Well having picked myself up off the floor over the New Year, 2008 started with a great big bang that gave me enough determination to carry on with the rest of the year. Within 4 days I had an interview for a much needed new job and I got laid by someone very new for the first time in (*hacks a cough over hsi own words*).
Which, you know, was nice.
I'd like to note I said "someone new". I haven't been celibate :p
And he gave me his number, and we're going on a date on Thursday.
So for all my infinite wisdom, I hate the fact that we always return to familiar ground; the "does he, doesn't he" dilemma. The signs are positive; I text him saying I had a great night. He text straight back saying he did too and he'd see me sometime for dinner, ending it with a "take care." Okay, back off, I think and I'll wait till I ask him for a date to text next. Two days later I say "So would you like to meet me before work one evening?" (working nights is a pain in the arse, sometimes). Again, text in 5 minutes "Sounds great. How about Thursday? Let me know what time." Again, punctuated with the eponymous "Take care". So now I'm wondering if I text him back a time or should I just "take care"?
I text him a time. He said "Perfect. See you soon"
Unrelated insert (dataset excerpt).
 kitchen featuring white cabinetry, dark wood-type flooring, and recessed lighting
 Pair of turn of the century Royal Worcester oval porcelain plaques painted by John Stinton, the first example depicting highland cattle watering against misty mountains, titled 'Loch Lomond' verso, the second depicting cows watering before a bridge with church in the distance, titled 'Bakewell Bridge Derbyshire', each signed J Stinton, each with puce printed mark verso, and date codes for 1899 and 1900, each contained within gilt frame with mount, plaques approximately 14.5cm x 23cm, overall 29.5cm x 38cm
I'm confused. We have a time, a day... But I have no idea where we're going or what we're doing, and I'm too scared to text because I should apparently be taking care of myself right now. Worse still, he's absolutely gorgeous. Really. I mean, I don't think I've ever laid someone as inarguably gorgeous as him. The kind of gorgeous where people wouldn't say "I don't know; he's not really my type" but more the kind of "Oh my God, just stick your penis inside me" type gorgeous.
So I'm even more confused; I left my ex because I thought I could do better and when I do I feel like I don't deserve it. I was quite happy to let it be a lucky one night stand, but it was him who asked me for my number and now I'm just in a sea of unfamiliarity.
However, the great thing about being a bit older and a bit wiser is that you learn to ride the rollercoaster and not stress so much about the details. But here we are... It all starts again: The Game. But I don't know who's playing it more; him or me?
I guess I feel in the weaker position again. Analysing every detail, wondering if he would have asked me out if I hadn't asked him, does he still have his eye on other guys, or is he thinking that this could work?
All this and not even a first date. I need some valium.